Impact: Provides rigorous randomized evidence that PLLA is an effective, durable, and well-tolerated option for temporal augmentation—directly informing aesthetic practice.

Clinical Implications: Consider PLLA as a minimally invasive, durable alternative to HA or fat grafting for temple hollowing; counsel on ~12-month durability and the need for head-to-head and longer-term data.

An injectable bioadhesive (CγR) combining carboxymethyl chitosan, γ‑polyglutamic acid, and autologous PRP achieved >99.9% bactericidal activity, rapid wet‑tissue adhesion, sustained growth factor release, and sterile sealing with complete epithelialization by day 6 in infected rat wounds.

Impact: Condenses suture, antibiotic, and dressing functions into a scalable platform integrating antimicrobial and regenerative signaling—promising for contaminated wounds in aesthetic/reconstructive practice.

Clinical Implications: If translated to humans, this one-step bioadhesive could reduce infection rates and accelerate closure in contaminated traumatic or surgical wounds; human toxicology and randomized trials are needed.

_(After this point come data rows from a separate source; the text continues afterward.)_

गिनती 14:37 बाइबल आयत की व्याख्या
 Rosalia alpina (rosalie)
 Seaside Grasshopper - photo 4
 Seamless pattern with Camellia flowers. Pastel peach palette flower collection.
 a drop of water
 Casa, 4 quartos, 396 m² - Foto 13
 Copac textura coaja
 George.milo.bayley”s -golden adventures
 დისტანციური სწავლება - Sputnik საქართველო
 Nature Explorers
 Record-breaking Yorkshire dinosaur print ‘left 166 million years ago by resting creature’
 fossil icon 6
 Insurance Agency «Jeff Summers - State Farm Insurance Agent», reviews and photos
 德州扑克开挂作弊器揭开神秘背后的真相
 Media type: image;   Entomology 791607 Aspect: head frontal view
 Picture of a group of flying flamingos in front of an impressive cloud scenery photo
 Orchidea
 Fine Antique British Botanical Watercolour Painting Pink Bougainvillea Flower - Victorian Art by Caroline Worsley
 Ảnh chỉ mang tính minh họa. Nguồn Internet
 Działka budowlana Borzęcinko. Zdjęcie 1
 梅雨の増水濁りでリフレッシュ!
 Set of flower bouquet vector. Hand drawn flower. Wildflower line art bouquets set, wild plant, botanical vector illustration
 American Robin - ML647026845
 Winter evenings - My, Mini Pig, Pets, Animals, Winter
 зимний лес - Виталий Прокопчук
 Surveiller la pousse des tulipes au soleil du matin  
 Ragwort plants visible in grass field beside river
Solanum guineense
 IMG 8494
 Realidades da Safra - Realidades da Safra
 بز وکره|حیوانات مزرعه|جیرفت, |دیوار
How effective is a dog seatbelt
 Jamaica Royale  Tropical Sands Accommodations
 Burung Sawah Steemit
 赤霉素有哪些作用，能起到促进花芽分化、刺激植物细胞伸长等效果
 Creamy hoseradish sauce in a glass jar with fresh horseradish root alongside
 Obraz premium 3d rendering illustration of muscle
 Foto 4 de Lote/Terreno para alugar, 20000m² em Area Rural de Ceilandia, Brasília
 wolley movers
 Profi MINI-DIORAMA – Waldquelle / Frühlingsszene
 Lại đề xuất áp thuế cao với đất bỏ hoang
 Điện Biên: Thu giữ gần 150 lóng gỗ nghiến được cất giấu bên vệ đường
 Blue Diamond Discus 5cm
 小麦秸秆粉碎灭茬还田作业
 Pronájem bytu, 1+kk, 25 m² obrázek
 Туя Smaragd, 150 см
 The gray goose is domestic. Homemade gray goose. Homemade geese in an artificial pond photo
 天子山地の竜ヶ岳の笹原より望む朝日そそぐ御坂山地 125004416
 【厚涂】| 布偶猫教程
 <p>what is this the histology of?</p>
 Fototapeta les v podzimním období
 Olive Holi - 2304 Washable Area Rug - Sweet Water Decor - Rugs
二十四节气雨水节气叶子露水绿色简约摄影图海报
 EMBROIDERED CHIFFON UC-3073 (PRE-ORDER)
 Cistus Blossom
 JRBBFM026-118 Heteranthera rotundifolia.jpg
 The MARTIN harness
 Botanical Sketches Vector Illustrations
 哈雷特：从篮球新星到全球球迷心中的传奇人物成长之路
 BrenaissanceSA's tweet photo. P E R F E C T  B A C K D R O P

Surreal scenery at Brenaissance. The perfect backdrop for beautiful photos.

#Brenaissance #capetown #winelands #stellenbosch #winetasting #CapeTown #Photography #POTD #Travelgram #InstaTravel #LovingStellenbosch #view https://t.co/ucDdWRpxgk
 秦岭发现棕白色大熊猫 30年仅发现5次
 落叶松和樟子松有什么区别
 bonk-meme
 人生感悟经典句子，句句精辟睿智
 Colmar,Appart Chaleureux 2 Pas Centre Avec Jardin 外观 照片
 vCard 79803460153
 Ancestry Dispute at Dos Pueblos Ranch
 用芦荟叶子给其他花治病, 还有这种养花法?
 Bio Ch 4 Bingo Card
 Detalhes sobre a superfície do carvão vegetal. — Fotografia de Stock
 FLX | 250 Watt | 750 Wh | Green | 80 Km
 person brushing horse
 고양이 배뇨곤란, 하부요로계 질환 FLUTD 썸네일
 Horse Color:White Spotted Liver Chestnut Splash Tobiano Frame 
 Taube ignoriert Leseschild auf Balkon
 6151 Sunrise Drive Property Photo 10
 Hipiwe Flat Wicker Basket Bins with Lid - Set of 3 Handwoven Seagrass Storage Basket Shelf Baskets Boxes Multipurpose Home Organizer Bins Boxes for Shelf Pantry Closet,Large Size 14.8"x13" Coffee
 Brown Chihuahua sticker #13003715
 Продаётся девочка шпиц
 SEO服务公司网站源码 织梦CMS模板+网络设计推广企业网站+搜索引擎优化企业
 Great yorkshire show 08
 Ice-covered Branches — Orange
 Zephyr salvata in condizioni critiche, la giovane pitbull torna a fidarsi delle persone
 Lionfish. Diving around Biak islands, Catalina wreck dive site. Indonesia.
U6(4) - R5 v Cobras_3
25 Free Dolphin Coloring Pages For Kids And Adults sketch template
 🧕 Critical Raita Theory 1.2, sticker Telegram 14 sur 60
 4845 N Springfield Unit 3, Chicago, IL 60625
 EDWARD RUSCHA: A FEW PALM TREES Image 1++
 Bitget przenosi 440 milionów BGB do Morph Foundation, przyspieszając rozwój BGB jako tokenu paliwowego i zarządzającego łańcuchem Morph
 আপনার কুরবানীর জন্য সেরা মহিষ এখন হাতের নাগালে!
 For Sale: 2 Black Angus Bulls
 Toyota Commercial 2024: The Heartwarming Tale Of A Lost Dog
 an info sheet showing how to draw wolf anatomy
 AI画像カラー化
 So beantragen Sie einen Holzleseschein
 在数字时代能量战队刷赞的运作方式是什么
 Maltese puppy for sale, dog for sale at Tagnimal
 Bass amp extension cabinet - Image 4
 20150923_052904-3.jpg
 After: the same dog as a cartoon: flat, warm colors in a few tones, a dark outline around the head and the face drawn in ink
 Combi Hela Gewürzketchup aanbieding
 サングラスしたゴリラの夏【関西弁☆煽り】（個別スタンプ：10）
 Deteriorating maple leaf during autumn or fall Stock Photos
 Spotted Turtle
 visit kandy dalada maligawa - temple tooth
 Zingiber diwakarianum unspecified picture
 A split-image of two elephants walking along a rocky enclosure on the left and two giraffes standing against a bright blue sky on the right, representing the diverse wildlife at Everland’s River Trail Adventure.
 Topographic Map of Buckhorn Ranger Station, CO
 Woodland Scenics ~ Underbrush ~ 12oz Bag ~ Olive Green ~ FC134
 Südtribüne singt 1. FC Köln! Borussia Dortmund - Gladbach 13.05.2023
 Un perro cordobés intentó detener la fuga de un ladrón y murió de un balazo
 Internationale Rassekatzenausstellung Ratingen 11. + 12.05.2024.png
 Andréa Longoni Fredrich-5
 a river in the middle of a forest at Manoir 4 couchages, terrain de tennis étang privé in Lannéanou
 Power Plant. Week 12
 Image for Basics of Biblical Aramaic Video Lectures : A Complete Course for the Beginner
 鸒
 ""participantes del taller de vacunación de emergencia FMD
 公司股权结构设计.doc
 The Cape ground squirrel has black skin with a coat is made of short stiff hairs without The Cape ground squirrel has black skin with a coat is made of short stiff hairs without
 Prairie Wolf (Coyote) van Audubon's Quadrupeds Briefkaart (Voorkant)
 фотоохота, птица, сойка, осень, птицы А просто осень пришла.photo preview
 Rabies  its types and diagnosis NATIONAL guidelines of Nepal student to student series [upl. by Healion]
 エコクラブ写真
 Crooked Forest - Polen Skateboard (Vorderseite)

A hybrid, time-resolved pharmacodynamic in silico model calibrated to 49 clinical trials simulated dose–response and duration for six BoNT-A products, showing substantial drift in static conversion ratios over time and identifying decay rate (koff) as the dominant determinant of duration. PrabotulinumtoxinA and daxibotulinumtoxinA ranked highest for efficiency and persistence. The work recommends product- and time-specific dosing in aesthetic practice.

Impact: Data-driven modelling challenges fixed unit conversions for BoNT-A by demonstrating time-dependent differences in duration and efficiency, with immediate implications for individualized dosing.

Clinical Implications: Avoid static conversion ratios when switching BoNT-A products; tailor dosing to product-specific, time-resolved equivalence and the desired duration/response.

Hyaluronic acid–butyrate conjugates, especially 5 kDa HAB, enhanced skin retention ~6.5-fold over free butyrate via CD44 targeting and CES2-triggered local release in inflamed skin. In DNFB-induced AD mice, 5k-HAB accelerated lesion resolution, reduced TEWL and erythema, restored hydration and barrier proteins, and mitigated oxidative stress and inflammatory cytokines.

Impact: Validates a disease-responsive dermal delivery platform that prioritizes retention over penetration with mechanistic (CD44/CES2) and in vivo efficacy.

Clinical Implications: Supports development of HA-based topical formulations for AD that enhance local efficacy while reducing systemic exposure; next steps include ex vivo human skin testing and early-phase trials.

Preclinical studies show DHT downregulates FLG2 in dermal papilla cells; hyaluronic acid microneedles delivering recombinant FLG2 restored DPC viability and mitochondrial function, prolonged anagen, and increased follicle density in mouse AGA models.

Impact: Identifies FLG2 as a novel, mechanism-based target for AGA and demonstrates minimally invasive biologic delivery with in vivo efficacy.

Clinical Implications: Pending human safety and immunogenicity, rFLG2 microneedles could offer a targeted topical therapy addressing mitochondrial dysfunction in dermal papilla cells; dose-finding and early human trials are warranted.